Déception en revanche du côté de représentants de la jeunesse, l’inscription automatique des plus de 18 ans au fichier électoral n’a pas été retenue. Une erreur selon Madaour Sylla dans un pays où 75% de la population a moins de 35 ans. « Ils disent qu'il est opportun d'aviser le citoyen de son droit d'être inscrit sur le fichier électoral. Alors, nous pensons qu'il y a beaucoup de jeunes qui manifestent la volonté d'être sur le fichier électoral, mais qui subissent des entraves procédurales en raison du délai très court qui est prévu pour l'inscription sur le fichier électoral ».

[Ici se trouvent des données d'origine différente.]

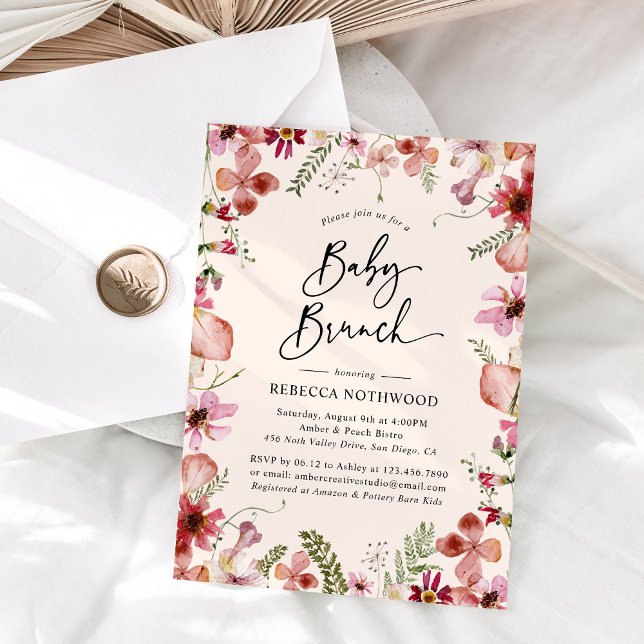 Boho Blush Pink Botanical Floral Baby Brunch Invitation (Creator Uploaded)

Peu de consensus du côté des droits et libertés publiques
Pas de consensus non plus ou très peu du côté des droits et libertés publiques. Les participants ne sont pas mis d’accord pour demander l’abrogation des articles controversés du code pénal qui autorisent des poursuites pour atteinte à la sûreté de l’État et offense au chef de l’État, des articles qui ont servi dans le passé à politiser la justice. Pas de consensus, la majorité invoquant des risques pour la stabilité de l’État. Pour Cheikh Tidiane Gadio, ancien vice-président de l’Assemblée nationale et à la tête du parti d’opposition MPCL, si peu de consensus sur des questions fondamentales de démocratie, c'est une déception.
« Je suis déçu parce que je me disais qu'on a décidé de dialoguer, parce que le Sénégal a traversé des moments difficiles ces dernières années et qu'on a voulu faire avancer les choses. C'était l'occasion de prouver que nous sommes tous prêts. La crispation est encore là , mais on garde l'espoir que ce pays est meilleur que cela et que nous allons progresser ».
C'est donc un consensus a minima pour un dialogue politique boycotté par le principal parti de l’opposition, l’APR de Macky Sall, même si certains membres ont participé à titre individuel. La prochaine étape est désormais de soumettre ces recommandations au président de la République qui s’est engagé à faire appliquer tous les points de consensus.
L'une des grandes demandes formulées ici est celle de voir les recommandations appliquées sachant qu’aucune de celle formulée il y a un an n’a encore été appliquée. Ces recommandations doivent désormais être soumises au chef de l’État qui a promis d’appliquer l’ensemble des points qui font consensus.